Being raised in our society it can be hard to think that things could be any different than they are. It's easy to think our screwed-up behavior towards each other is an immutable characteristic of fundamental human nature.
However, as convincing as the "human nature" argument seems to be to so many people (it is invariably used whenever I talk to about radical transformation of society, and usually delivered with a sort of "bet you never thought about that, eh? can't argue with that, can ya?" arrogance that still surprises me every time I witness it), it is quite a claim to make. If greed and power-grubbing are aspects of human nature, then they are our nature. They cannot be changed. They must govern our behavior.

Of course, this is demonstrably untrue. The entire practice of friendship is evidence against it. Friends sleep at each other's homes--yet no one asks them for rent. Personally, I nearly always see the homeowners' dishes get done over the course of having friends over, with nothing beyond a polite request (or even no request at all). When a friend really needs something, only a true asshole won't offer to help them out. These things don't happen because anyone takes a position of authority to force them to. These things happen because the people involved want to, because helping each other out isn't an alien concept to people. It's just that at the moment we have all been placed into a context where success and helping people out are, if not mutually exclusive, close enough to it.
Economics based on the free giving of gifts to the people in your life has historically been given the name "mutual aid". More recently people have started to call it "gift economy". But whatever name is given to it, it means this: Help out other people when you can, accept other people's help when you can't. Economics where it's safe to rely on each other.
Lest you think I believe people to be "naturally good" (an equally, if not more, foolish argument than the "naturally evil" formula), this is not what I am implying. I am simply implying that if people are put into an economic structure in which helping people out is not a handicap to your success (and, indeed, is the best way to expand the group of people who are into helping you out--nobody likes all-take-no-give), then they'll do it. Not because people are inherently good. If that were true, screwing other people over would be a perversion and not the rule, no matter what system we lived in. Rather, because I don't think most people are bad on purpose, without motivation.
The people I talk to who most swear on the gospel of people being evil are also the people who are sheltered. By this I don't mean that they are necessarily rich, but that they live with their parents and have food and shelter provided for them. I know when I had never really been out into the world I thought people were, on the whole, bad.

While hitchhiking around broke in the summer, I found it difficult to reconcile that opinion with the uncountable experiences I had of strangers offering me rides, food, money, and places to stay.
My position is that these offerings of aid and gifts should come to form the bulk of our economic activity. This isn't wishy-washy hippie stuff. I'm not suggesting we should love everyone like brothers and sisters. I'm simply suggesting that it's not unreasonable to think that people can relate to each other in ways other than they do right now. And we should try do to so more often.
Beyond "share what ya got" economics, of course, there is the matter of organizing the productive activities that need to be done to sustain life. We all need food and water and a roof over our heads. How are we going to provide ourselves with these things without the hierarchy and authoritarianism of the systems of ownership I have outlined earlier?
I think the answer is voluntary cooperation.
Organization doesn't have to based on authority and hierarchy.

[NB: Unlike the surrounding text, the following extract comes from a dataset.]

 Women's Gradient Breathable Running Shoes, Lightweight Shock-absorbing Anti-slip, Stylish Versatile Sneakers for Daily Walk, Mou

There are examples of this even today, and they aren't all dysfunctional hippie communes where those involved smoke pot while the dirty dishes pile up in the sink and the toilets overflow in the bathrooms. Many groups organized around non-hierarchical principles actually get stuff done. Food Not Bombs, for example, is an entirely decentralized group with autonomous cells operating all over the country. Within these autonomous cells, there are no officers elected or orders given; rather, the people involved cooperate on a voluntary basis to get free food prepared and served in public spaces to provide hungry people with stuff to eat. The local pirate radio station in my town is similar in that no one is a position to give orders, and people determine their own level of involvement. People contribute their time and money to pay the rent and electricity and get the paperwork done and the trash taken out...but no one is forced to any of it.

My hope is that these kinds of groups can form the norm, instead of the exception, of the way people get necessary things done. When you have people involved with a project that is truly important to them (and you can bet that stuff like getting food to eat will be important to people!), they don't need bosses to make them do it. They'll get what needs to be done finished by working it out with themselves.
Sure, bad stuff will happen sometimes. Bad stuff always happens. Things will get stolen, people will get killed, drifters will drink too much whiskey and throw up all over the beds of their hosts. At the moment we trade the autonomy and equality we could enjoy as a species to the structures of state and capitalism because supposedly these systems are to save us from having those things happen to us. The thing to ask yourself is: are you willing to trade a society where you and the people you love have the freedom to pursue the things that bring them joy for structures that fail to protect us against the horrors they justify their existence on?
I am not willing to do that, but that choice is one we all have to make for ourselves.